Business owners that proactively guide their business forward have embraced the concept of strategy versus tactics. The opposite of this is the businesses that react to everything that is going on around them. If you are not strategic, it means you do not have a big overriding game plan, you do not have a vision of where you want to be in 5, 10 or 20 years. Strategy is just careful and thoughtful planning – a on-goign question of yourself: where am I taking this business?

Let’s use a nightclub to illustrate the key distinction:

Typically nightclubs go through many peaks and troughs as the in-crowd moves from district to district, club to club. If you are the owner of a nightclub in any of these areas, there are two ways you can run your business. The first is tactically, which means you react to the moving crowd, you panic when sales drop, you run promotions because of the crowd behavior and try to keep your sales a reasonable level regardless of where the crowd is.

The second way to run the business is strategically. You sit down for as long as it takes and think about your business from the ground up. Who does your nightclub currently cater to? Who are your patrons and what are they looking for today? What about in 12 months, in 24 months? Does your décor, music and location appeal the people you are trying to attract and how much money do these people typically spend when they come into your club?

Once you have thought about the answers to these types of questions, you are in a position to plan how you will operate in the future, what type of clientele you will be seeking, how you will reach them effectively and most importantly, what you offer that is unique, special or different that will help you to attract these people.

Call your strategy a game plan, a business or marketing plan, it really doesn’t matter. What matters is that you run your business this way going forward. Tactical maneuvers are a drain on your time and efforts so stop working this way.

Saturday, September 02, 2006

Week 3- Total Solutions and Trends

Total Solutions

All good businesses recognize that they are providing a solution to a clients problem - not just a product or service. Having a desire to solve peoples problems by providing a genuine solution is powerful and your success is linked to your belief in this concept, period. The days of doing “just enough” are behind us and you can’t hope to climb out of the pile of competitors unless you address this. There is a clear way to test – ask yourself, “Do I constantly strive to be the best at what I do or are am I happy to simply avoid failure day to day?


What is the cost of ignorance? It could be your entire business.

Trends are the external forces at work day in and day out, regardless of how well you are running your business

“What are the short and long term trends in my industry and what are they telling me? “

As the business owner, you must be aware of these trends. Not only aware, but ready and able act on your instinct to ensure your long term survival. Think about the effect the ageing population will have on providers of health care facilities, or the effect that round the clock grocery chains continue to have on small, corner retailers. Or how about the effect that computers have on traditional auto mechanics?

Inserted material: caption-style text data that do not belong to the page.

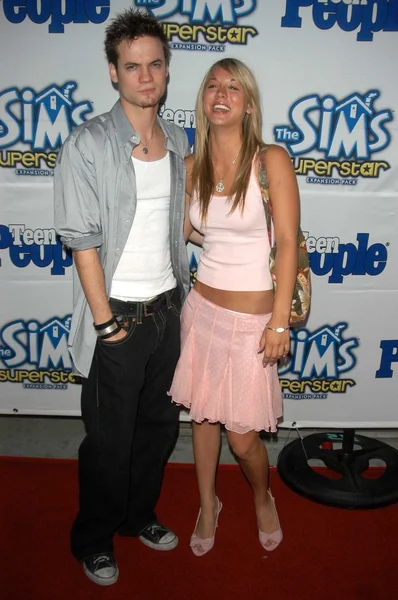 Shane west ve kaley cuoco — Stok fotoğraf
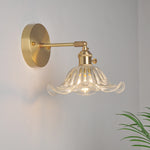 Elegante Wandleseleuchte mit schwenkbarem Arm und Glaskuppel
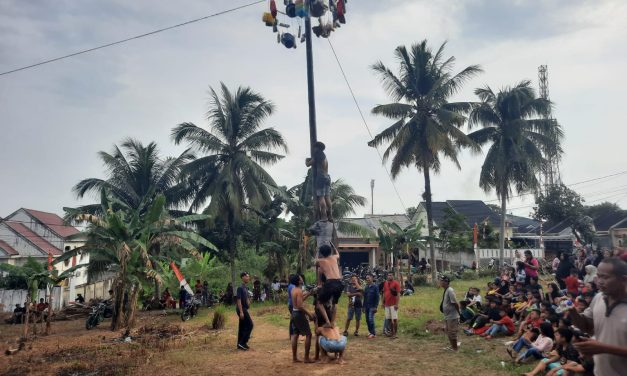 Lomba Panjat Pinang Di RT.31 Serta Sejarah Perlombaan Panjat Pinang Di Indonesia.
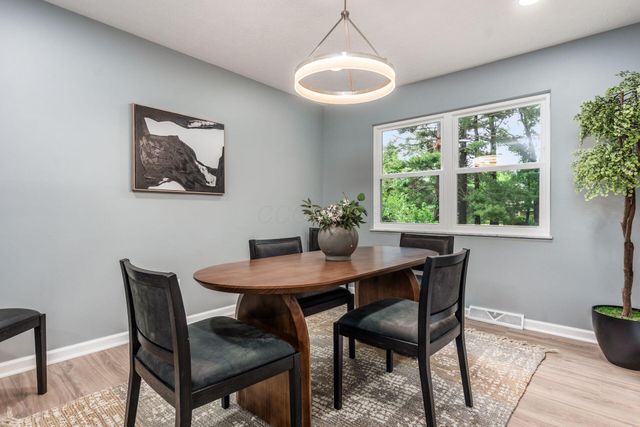 8782 Stonehenge Drive NW, Pickerington, OH 43147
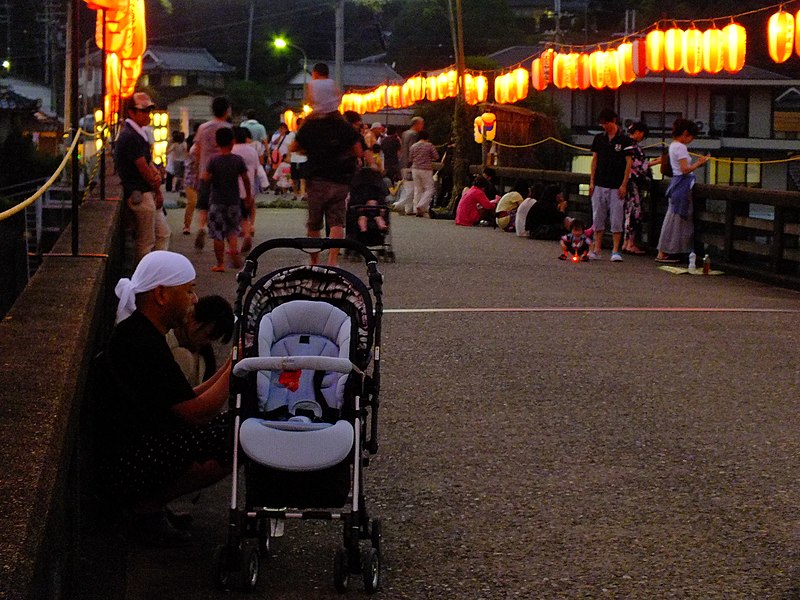 File:20140729 Ichijima-Kawasuso Matsuri 市島川裾祭（丹波市市島町）竹田川DSCF0499.JPG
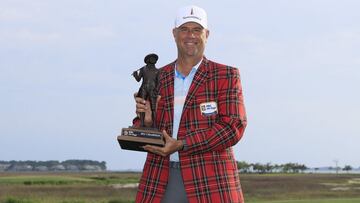 Stewart Cink posa con el trofeo de campe&oacute;n del RBC Heritage en el Harbour Town Golf Links de Hilton Head Island, South Carolina.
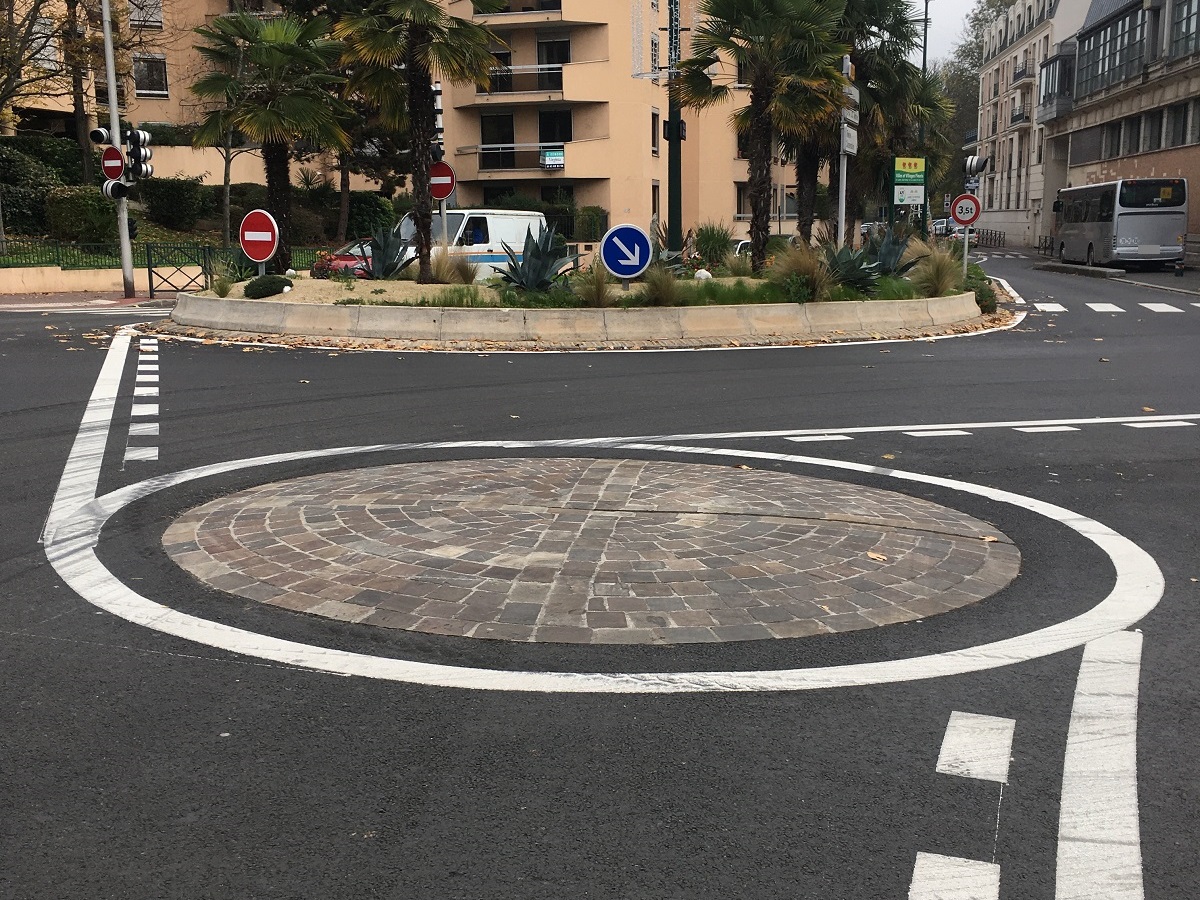 Pose d'un rond-point préfabriqué de 4m de diamètre à Saint Maurice(94)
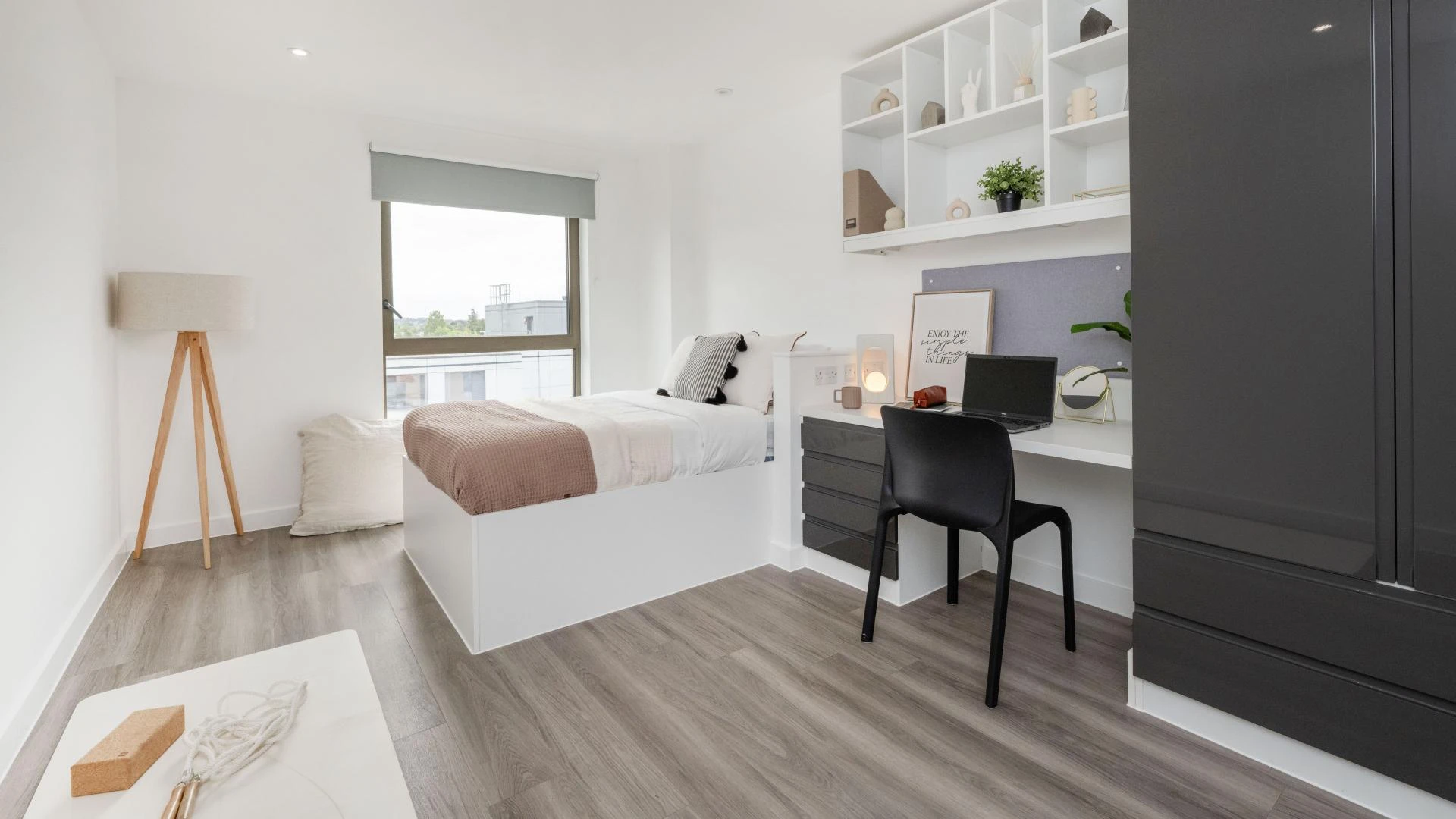 Luxe En-suite - image 2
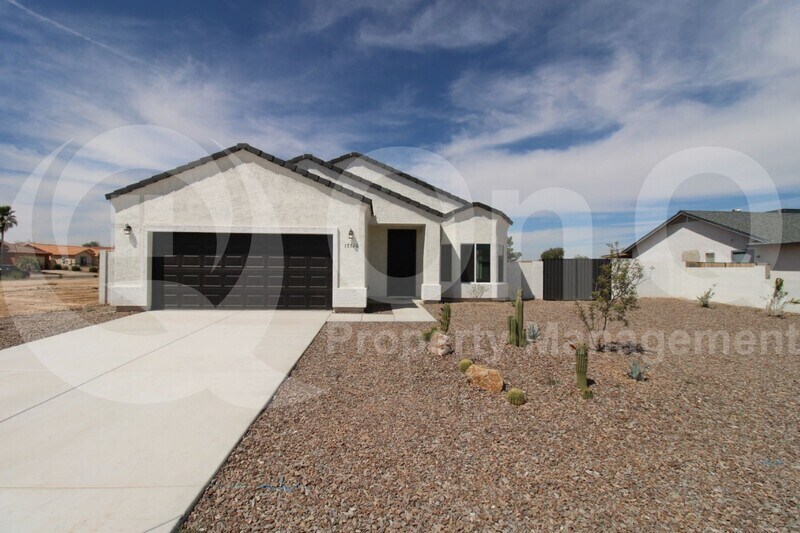 Primary Photo - 15726 S Magdalena Cir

In everything we do, everyday, we are exposed to thousands of little “happenings” around us. I am talking about the way the person opposite you on the bus is reading the paper, the advertisements we see and the way everybody looks at their cell phone when one is ringing in public. Make an effort to “see” more of what is happening around you. You will start to experience the golden “ah hah” moments which occur when you spot a window of opportunity surrounding a product or service.

The author Brian Tracy believes that many business owners “…fill their mind with candy rather than with protein….reading the sports pages and watching television rather than reading the financial pages and reading business magazines.”

As a business owner on a quest for choice, you have the responsibility to go for protein over candy.